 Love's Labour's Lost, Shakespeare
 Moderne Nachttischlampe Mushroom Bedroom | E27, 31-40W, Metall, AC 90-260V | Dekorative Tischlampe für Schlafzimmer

──────────────────────────────

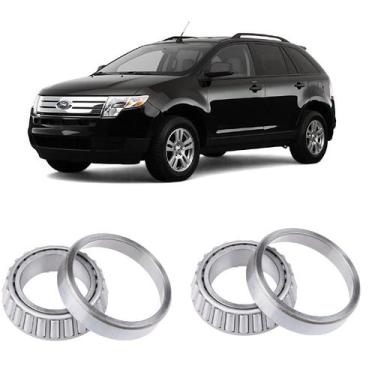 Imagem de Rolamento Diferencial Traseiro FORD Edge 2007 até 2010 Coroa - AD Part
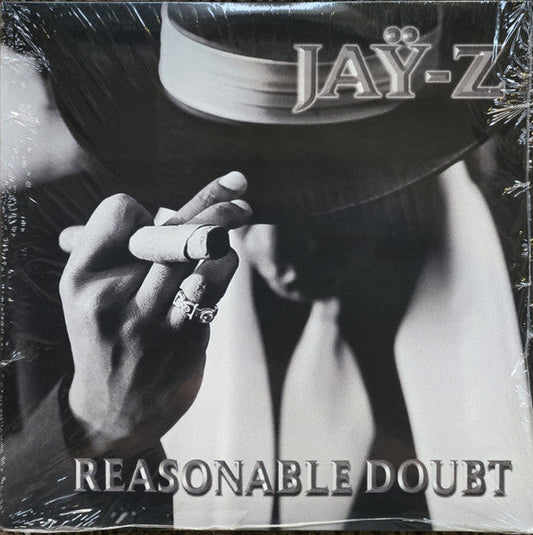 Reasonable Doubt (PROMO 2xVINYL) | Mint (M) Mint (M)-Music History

──────────────────────────────

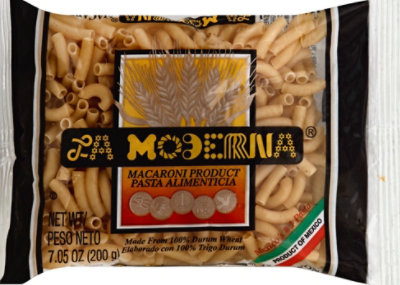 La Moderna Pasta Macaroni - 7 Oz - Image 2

──────────────────────────────

Copy out, exactly and alone, the lines of the entries above between the ones holding "Love's Labour's Lost, Shakespeare" and "Moderne Nachttischlampe Mushroom", inclusive.

> [Task response]:
 Love's Labour's Lost, Shakespeare
 Moderne Nachttischlampe Mushroom Bedroom | E27, 31-40W, Metall, AC 90-260V | Dekorative Tischlampe für Schlafzimmer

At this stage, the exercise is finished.